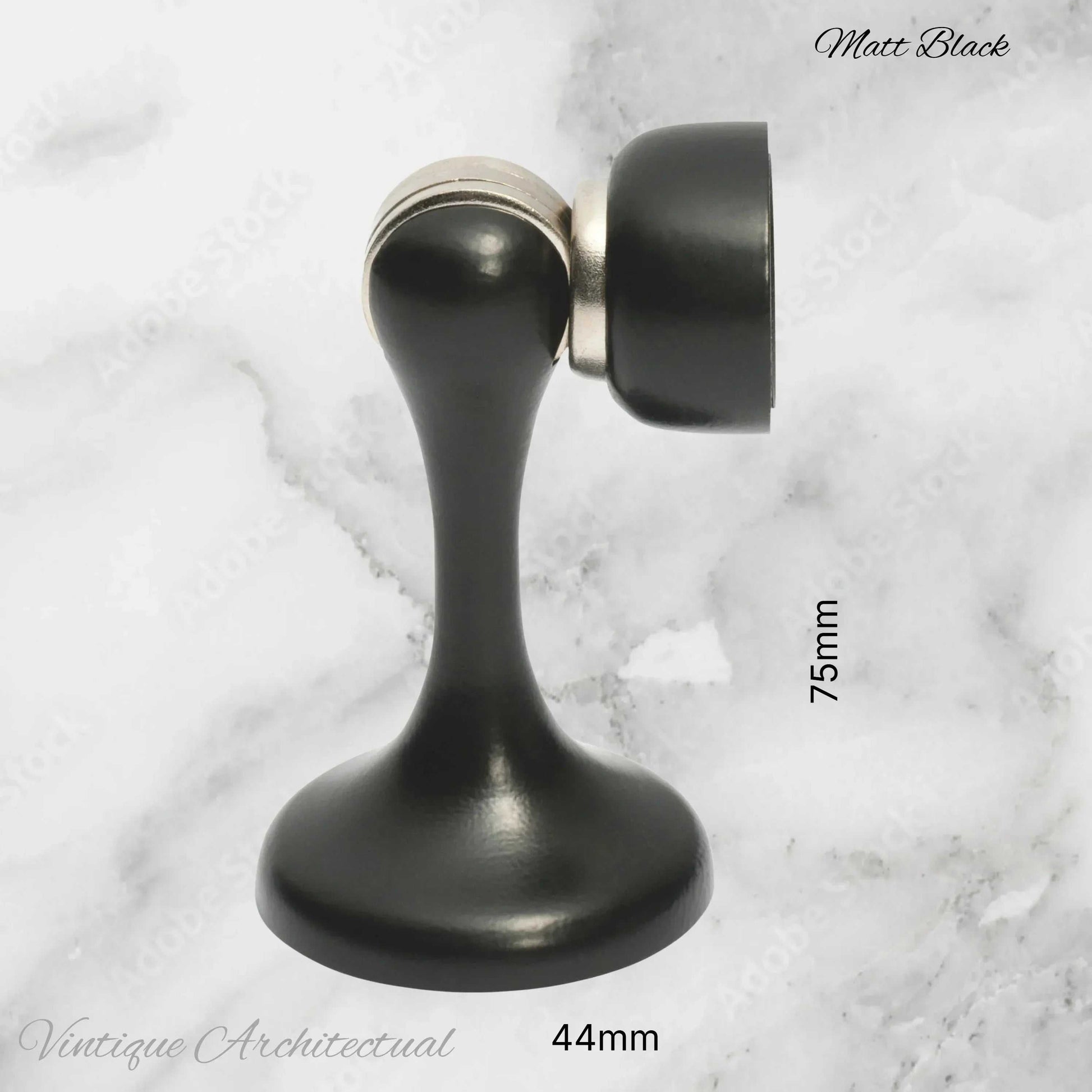 Matt Black Brass Magnetic door stop 75mm L x 44mm baseplate - Vintique Concepts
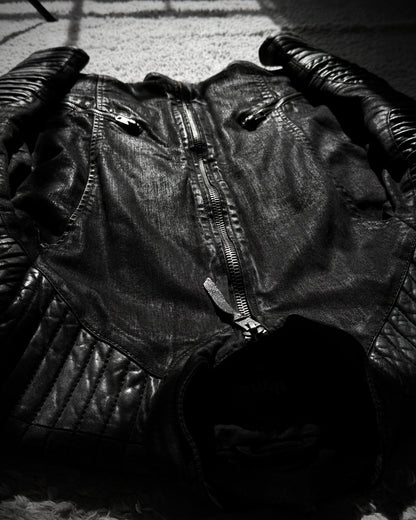 Tigha Waxed Leather Biker Jacket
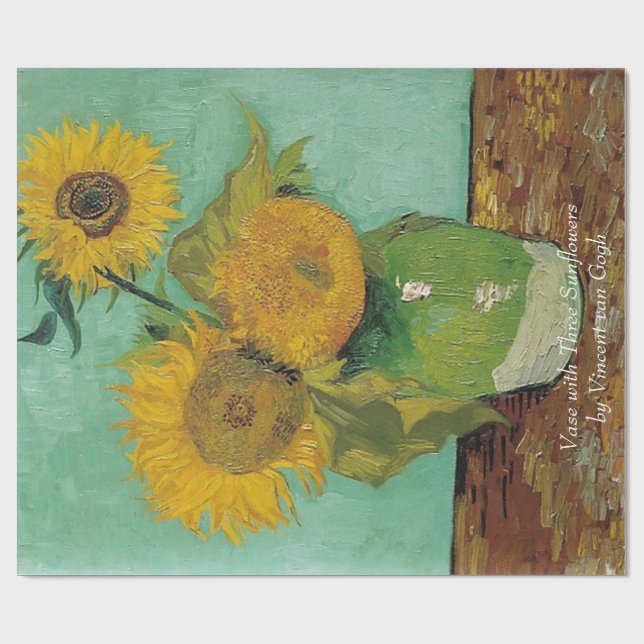Vas med tre solblommor av Vincent van Gogh. Presentpapper (Platt)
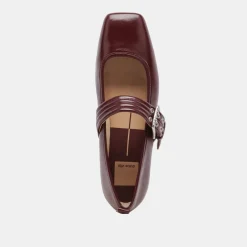 ARORA BALLET FLATS BURGUNDY CRINKLE PATENT^Dolce Vita Online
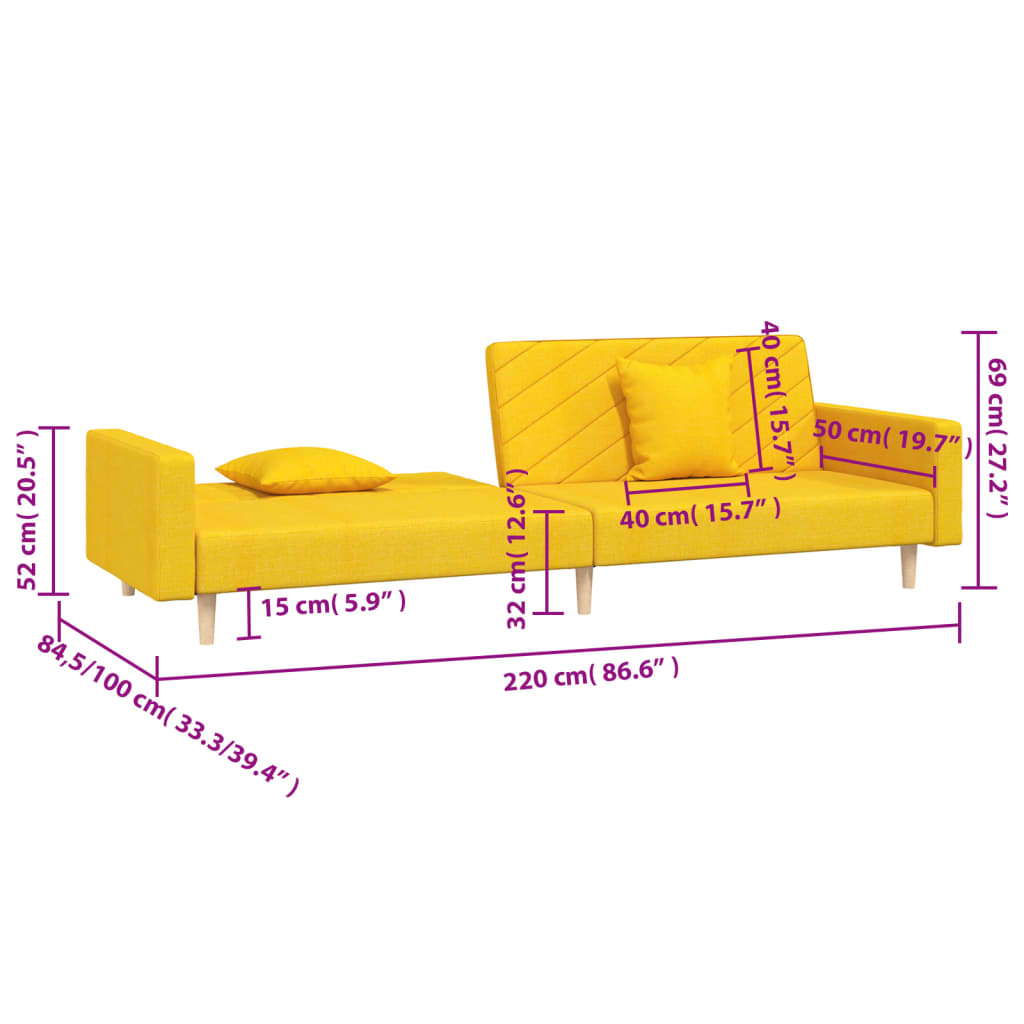 Sofa Bed 2-Seater with 2 Pillows Yellow Fabric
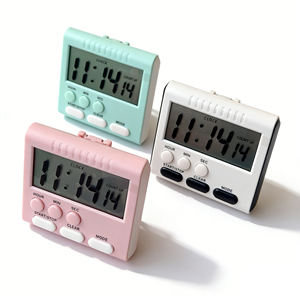 <span class=keywords><strong>Minuteur</strong></span> de cuisine numérique magnétique grand écran LCD, <span class=keywords><strong>chronomètre</strong></span> de cuisson, de douche et d'étude, réveil électronique, rappel de temps 24 heures, compte à rebours - Product Image 1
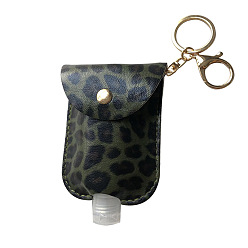 Dark Olive Green Plastic Hand Sanitizer Bottle with PU Leather Cover, Portable Travel Squeeze Bottle Keychain Holder, Leopard Print Pattern, Dark Olive Green, 100x70mm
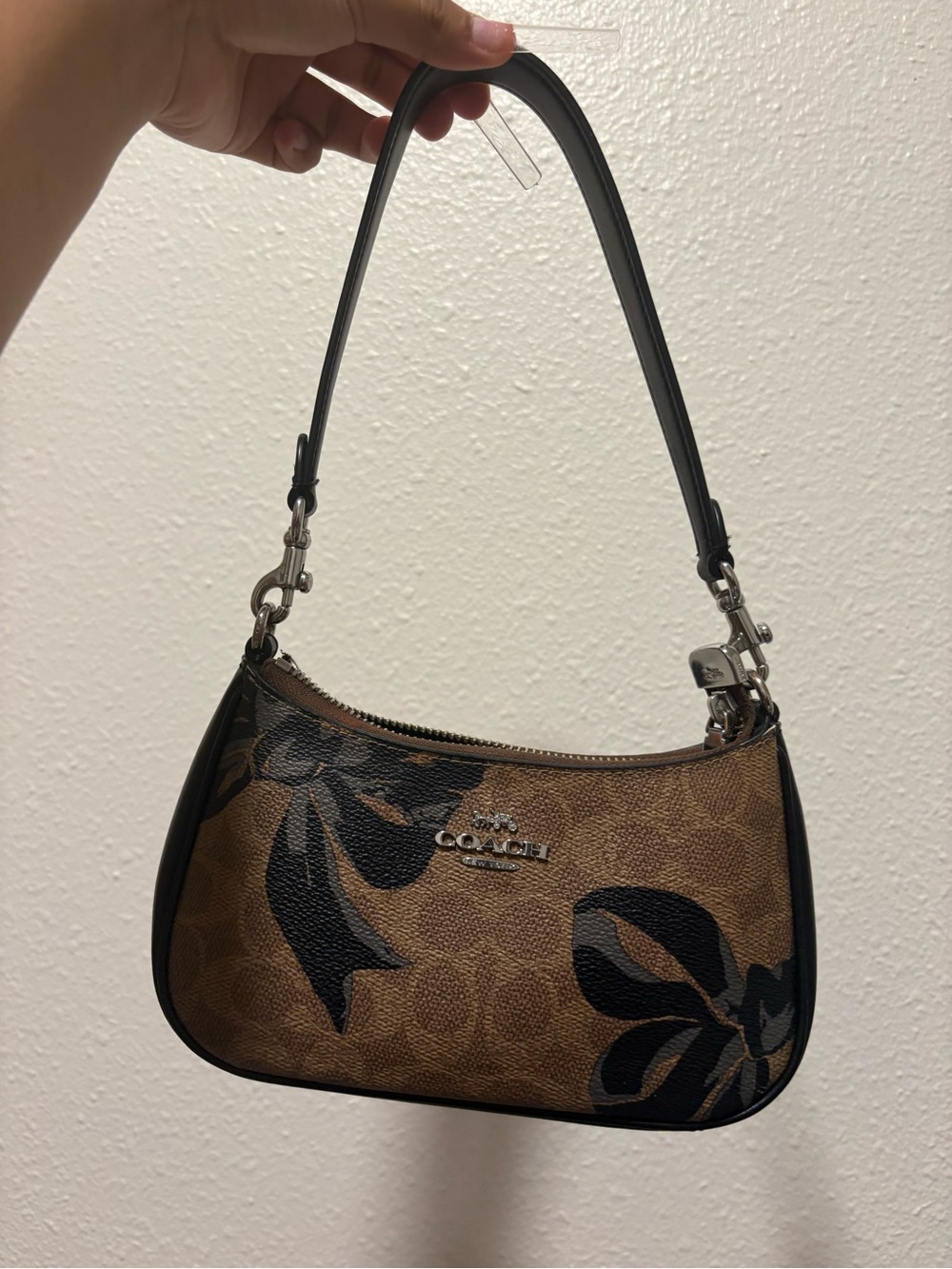 Coach Brown Floral Print Shoulder Bag with Black Trim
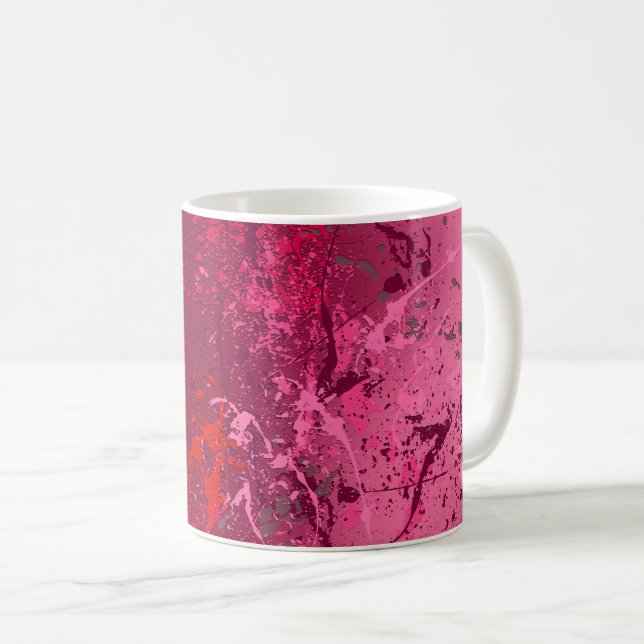 Caneca De Café Raspberry Flurry: Abstract spatter art (Frente Esquerda)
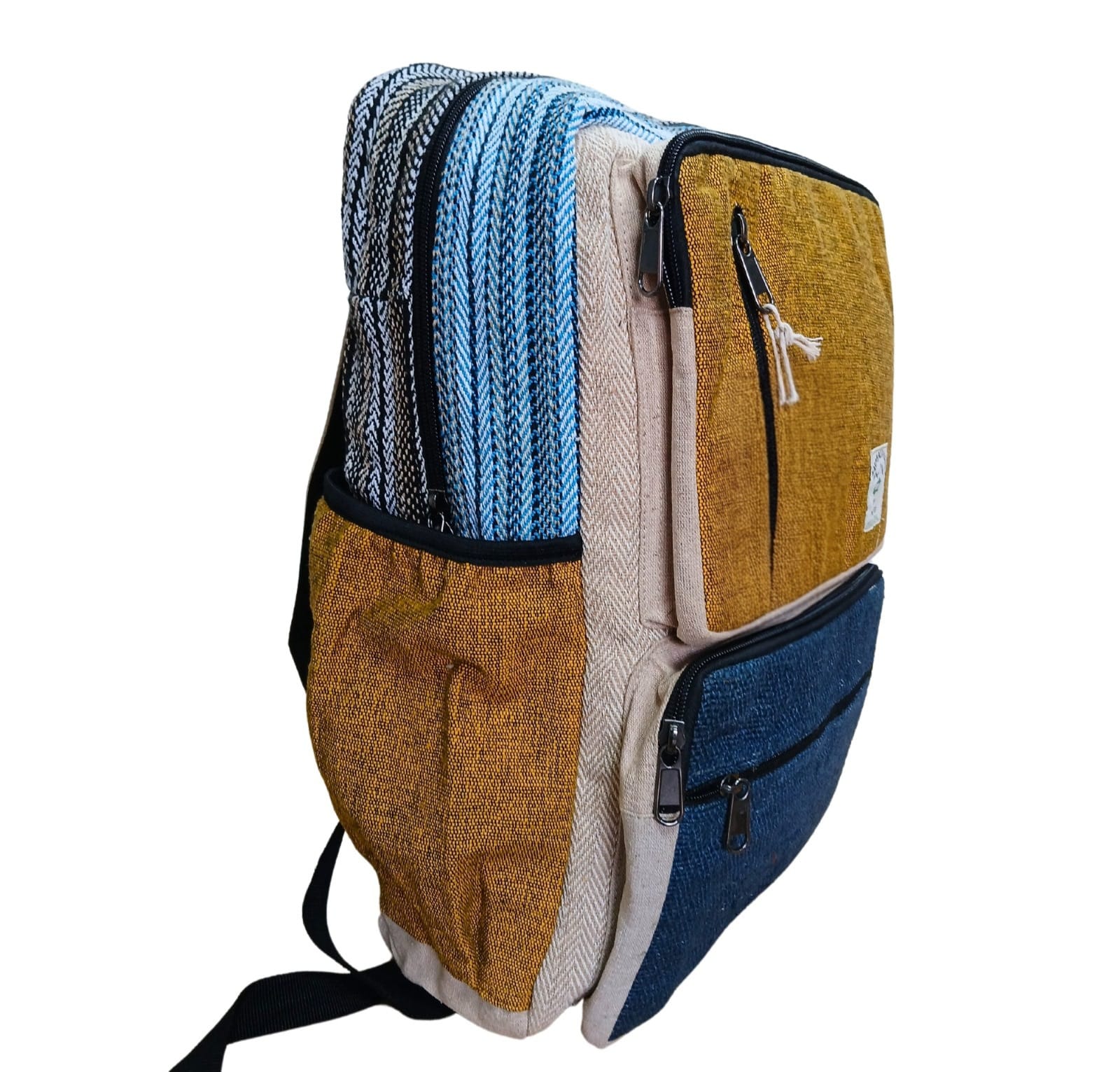 Rucsac mare din cânepă – turcoaz & galben curcuma Rucsac mare din cânepă – turcoaz & galben curcuma
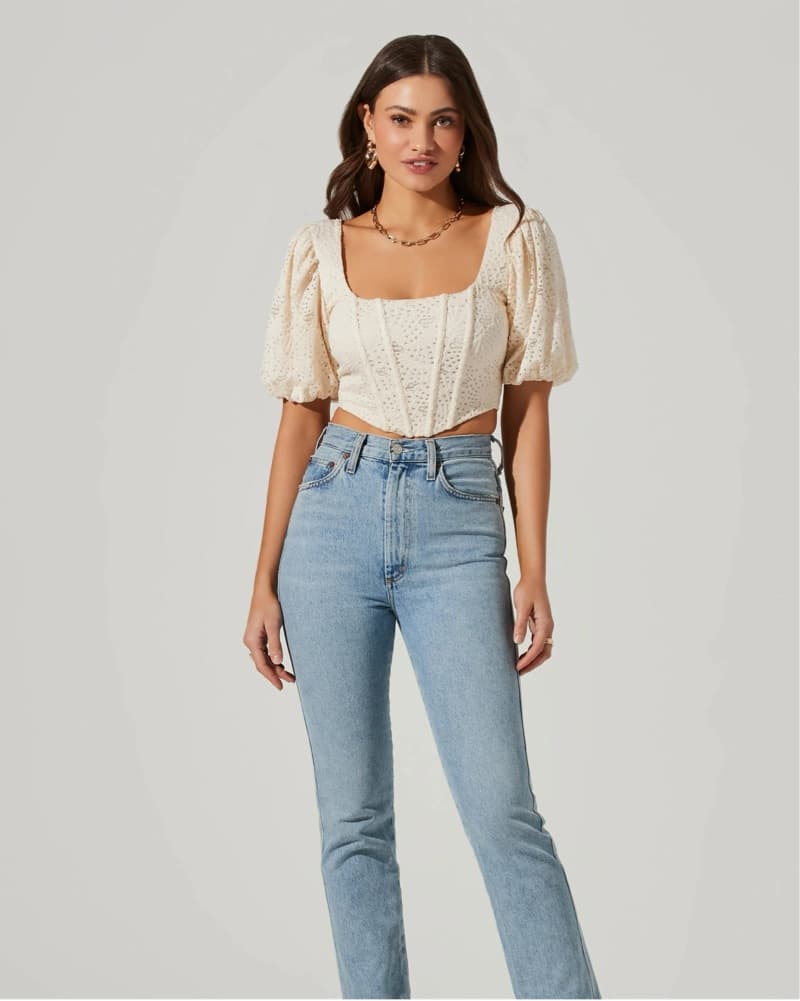 Eyelet Square Balloon Sleeve Bustier - Image 2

******************************

◆ **Prompt**: Leave out the pictures, then repeat the listing above exactly from its first line to the line with "<span class=keywords><strong>Minuteur</strong></span> de", inclusive.

◆ **Expected output**:
 Matt Black Brass Magnetic door stop 75mm L x 44mm baseplate - Vintique Concepts
 Tigha Waxed Leather Biker Jacket
Vas med tre solblommor av Vincent van Gogh. Presentpapper (Platt)
 ARORA BALLET FLATS BURGUNDY CRINKLE PATENT^Dolce Vita Online
 Sofa Bed 2-Seater with 2 Pillows Yellow Fabric
 <span class=keywords><strong>Minuteur</strong></span> de cuisine numérique magnétique grand écran LCD, <span class=keywords><strong>chronomètre</strong></span> de cuisson, de douche et d'étude, réveil électronique, rappel de temps 24 heures, compte à rebours - Product Image 1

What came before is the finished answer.